Het UBO-register, ondergebracht binnen de Administratie van de Thesaurie die belast is met het houden en het beheren ervan, is een databank die specifieke informatie bevat over de uiteindelijke begunstigden van in België opgerichte vennootschappen, van (internationale) verenigingen zonder winstoogmerk, van stichtingen, van trusts, van fiducieën en van juridische entiteiten die vergelijkbaar zijn met fiducieën of trusts. Deze diverse juridische entiteiten, aangeduid als informatieplichtigen ten aanzien van het UBO-register, zijn dus verplicht om hun uiteindelijke begunstigden hierin te registreren en zich ervan te vergewissen dat de meegedeelde informatie toereikend, accuraat en actueel is. Er dient te worden opgemerkt dat de informatieplichtigen nu tijd hebben tot 30 september 2019 om hun uiteindelijke begunstigden voor de eerste maal te registreren.

 

Het UBO-register dat zeker niet met open armen werd ontvangen, wordt sterk bekritiseerd en roept nu een aantal vragen op, niet alleen ten aanzien van de daarmee gepaard gaande verplichtingen, maar ook ten aanzien van de werkingsmodaliteiten en, meer essentieel nog, het doel ervan.

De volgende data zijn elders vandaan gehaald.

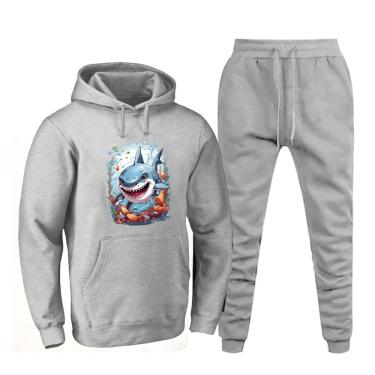 Imagem de Conjunto Moletom Canguru Estampa Tubarao Plus Size Masculino Confortavel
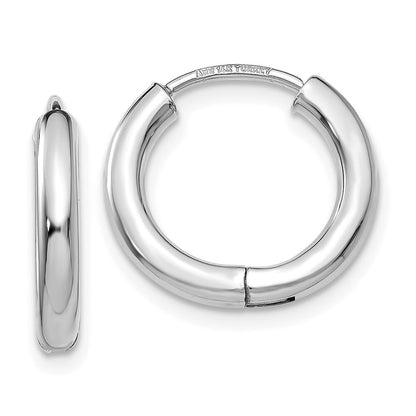 14K White Gold Polished Hollow Hinged Hoop Earrings Gift for Women
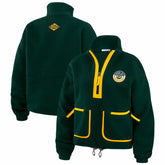 Green Bay Packers WEAR by Erin Andrews Women's Polar Fleece Half-Zip Jacket Green | NFL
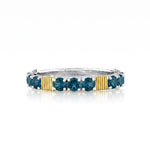 Load image into Gallery viewer, SLOANE STREET Sterling Silver and 18K Yellow Gold London Blue Topaz Station Ring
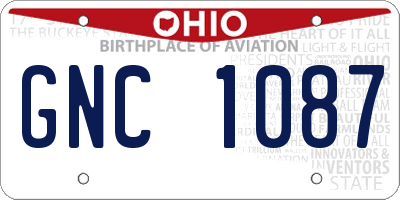 OH license plate GNC1087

Zo rijst bijvoorbeeld de vraag naar het verband tussen de wetgeving inzake het UBO-register – op grond waarvan een aantal persoonsgegevens moeten worden meegedeeld die bedoeld zijn om op grote schaal toegankelijk te zijn en te worden geraadpleegd – en de regeling ter bescherming van de persoonlijke levenssfeer, zijnde hoofdzakelijk de Algemene Verordening Gegevensbescherming (GDPR). Verder kan zelfs de identificatie van de uiteindelijke begunstigden ingewikkeld zijn en vragen doen rijzen die niet eenvoudig kunnen worden beantwoord. Bijvoorbeeld, welke natuurlijke persoon is de uiteindelijke begunstigde van een vennootschap met als enige aandeelhouder een lokale of gefedereerde entiteit? Ten slotte wekt ook het feit dat het UBO-register binnen de Administratie van de Thesaurie is ondergebracht enige twijfel omtrent de mogelijkheid dat een dergelijk register zou worden gebruikt voor enigszins andere doeleinden dan het hoofddoel van bestrijding van witwassen van geld.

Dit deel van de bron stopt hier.